The old research risk was incompleteness. You might miss a source, overlook a counterargument, fail to find the relevant study. That risk still exists. But the new risk is different, and it's harder to manage because it doesn't look like a risk at all.

The new risk is confident incorrectness. The model produces summaries that are accurate in broad strokes and wrong in details that matter — and it produces them in the same assured, readable voice it uses for everything. There is no signal that distinguishes a reliable summary from an unreliable one. You have to find out by checking.

My research loop has three beats: narrow, wide, narrow again. I skip any of them at my peril.

Narrow — define the question

Start with one precise question. Not a topic. A question. "Why did [specific company] fail in [specific year], and what role did [specific factor] play?" beats "history of [company]" every time.

A topic invites a survey. A question invites an argument. Surveys are easy to generate and hard to evaluate — they produce lots of sentences that sound true without committing to much. Arguments make specific claims that can be checked against evidence. The model is much better at generating coherent surveys than coherent arguments, which is another reason to force the question form.

The narrowing at the start is about choosing what you are actually trying to find out, not what you are vaguely interested in. Those are different. The vague interest is where bad research begins.

When I get this step wrong — when I start with a topic instead of a question — the output I get is impressively comprehensive and useful for nothing. It maps a space without locating me in it.

Wide — map the disagreement

Give the model the question and ask for the shape of the answer: competing views, key disagreements, loudest voices on each side, what is actually settled versus what is still contested.
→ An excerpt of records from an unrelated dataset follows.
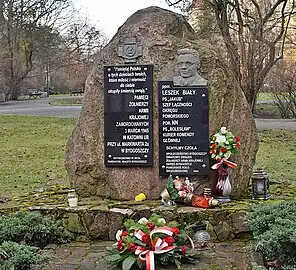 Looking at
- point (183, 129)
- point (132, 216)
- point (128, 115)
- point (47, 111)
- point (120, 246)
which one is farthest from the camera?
point (47, 111)

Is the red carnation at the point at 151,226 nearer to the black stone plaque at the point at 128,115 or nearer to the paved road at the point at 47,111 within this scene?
the black stone plaque at the point at 128,115

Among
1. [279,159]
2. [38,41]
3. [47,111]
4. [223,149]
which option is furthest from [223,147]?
[38,41]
Ask specifically about what people disagree on, not what they agree on. Consensus is cheap to summarize. Disagreement reveals where the real complexity lives.

Speed is a feature of the loop, not a replacement for it.
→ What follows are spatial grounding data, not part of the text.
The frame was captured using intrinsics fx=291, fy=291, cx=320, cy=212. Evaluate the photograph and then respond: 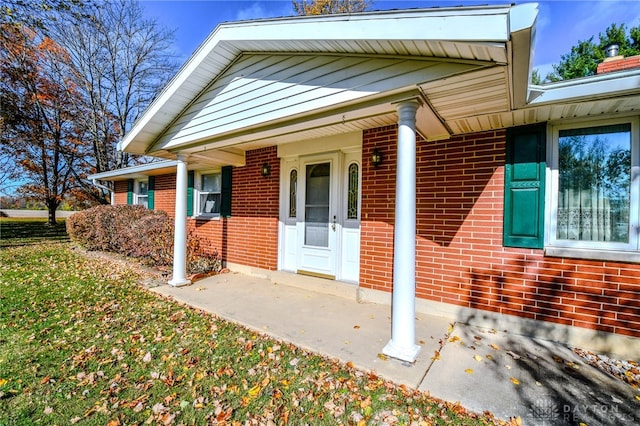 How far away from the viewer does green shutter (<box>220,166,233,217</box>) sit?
21.4 feet

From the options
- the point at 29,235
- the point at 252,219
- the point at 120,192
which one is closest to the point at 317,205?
the point at 252,219

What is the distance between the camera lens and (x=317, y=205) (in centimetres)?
525

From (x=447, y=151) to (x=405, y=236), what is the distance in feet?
5.74

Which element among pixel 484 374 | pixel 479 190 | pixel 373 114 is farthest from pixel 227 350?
pixel 479 190

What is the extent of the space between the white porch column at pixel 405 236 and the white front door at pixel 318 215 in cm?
216

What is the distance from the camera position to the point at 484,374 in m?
2.63

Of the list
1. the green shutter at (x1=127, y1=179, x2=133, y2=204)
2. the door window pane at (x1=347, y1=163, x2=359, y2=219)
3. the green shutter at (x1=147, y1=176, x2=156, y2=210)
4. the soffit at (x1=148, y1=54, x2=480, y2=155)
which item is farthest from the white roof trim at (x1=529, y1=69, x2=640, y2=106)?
the green shutter at (x1=127, y1=179, x2=133, y2=204)

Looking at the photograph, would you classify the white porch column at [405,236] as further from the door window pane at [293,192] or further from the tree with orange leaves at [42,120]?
the tree with orange leaves at [42,120]

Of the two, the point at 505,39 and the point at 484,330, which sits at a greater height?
the point at 505,39

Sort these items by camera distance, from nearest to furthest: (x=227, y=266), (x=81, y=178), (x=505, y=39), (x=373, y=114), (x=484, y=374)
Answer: (x=505, y=39), (x=484, y=374), (x=373, y=114), (x=227, y=266), (x=81, y=178)

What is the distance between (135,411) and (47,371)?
4.12 ft

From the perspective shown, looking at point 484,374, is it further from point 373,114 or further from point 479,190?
point 373,114

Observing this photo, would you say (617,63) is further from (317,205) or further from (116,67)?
(116,67)

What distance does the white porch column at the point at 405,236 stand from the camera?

The model has read more than you have. Let it use that. At the wide stage, you are not looking for the answer — you are looking for the map of answers. Where are the fault lines? What does one camp say that the other rejects? What do they both assume that might not be true?

This stage produces a research agenda. A set of specific claims to check, specific sources to find, specific questions to take to primary material. Without this stage, the third step has no direction. With it, you know exactly where to look and what to look for.
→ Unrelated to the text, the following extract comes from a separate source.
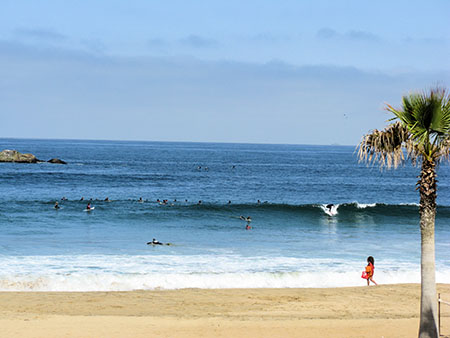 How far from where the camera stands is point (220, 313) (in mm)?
15758

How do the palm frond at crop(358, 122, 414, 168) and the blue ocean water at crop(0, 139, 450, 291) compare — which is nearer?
the palm frond at crop(358, 122, 414, 168)

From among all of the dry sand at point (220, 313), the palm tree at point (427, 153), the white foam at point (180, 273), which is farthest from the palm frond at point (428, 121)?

Note what you are not doing at this stage: taking the model's word for any of it. You are using its synthesis to understand the terrain. The terrain might be wrong in places. That's what the next step is for.

Narrow again — chase one claim to its source

Pick one claim from the wide stage — one specific, checkable assertion — and chase it to a primary source. Not the model's summary of the source. The source.

This step is slow by design. It is supposed to be slow. The loop is not intended to eliminate reading — it is intended to tell you what is worth reading. The wide stage compressed hours of survey work into minutes. The second narrow stage puts that time back in where it actually matters: at the point of specific, consequential claims.

The model's summary of a source is almost always accurate in broad strokes and wrong in the details that matter. The details that matter are usually why the claim is interesting in the first place. The nuance, the qualifier, the specific context in which the finding holds — these are what the summary drops, because they make it longer and harder to read. They are also what changes the meaning.

Read the source. Read the part the model summarized. Then read the paragraph before and the paragraph after. Context is almost always partially missing from AI summaries.

The honest limitations

Some research questions require sources the model hasn't seen or can't reliably access. Recent events, proprietary data, paywalled specialist literature — these are the cases where the model is most likely to confabulate. It will still answer. It will answer confidently. That confidence is not a signal of accuracy.

Know which kind of question you're asking before you start. Is this a well-documented historical question where good sources are abundant? The loop works well. Is this a question about something that happened last month, or in a specialized domain with limited public literature? The loop is a starting point at best and a liability at worst.

For those questions, use the model to build your search strategy and then leave it behind while you execute. It can tell you where to look. It cannot always tell you what you'll find.

The loop is not a shortcut to answers. It is a shortcut to good questions — and that is more useful, in the long run, than most shortcuts.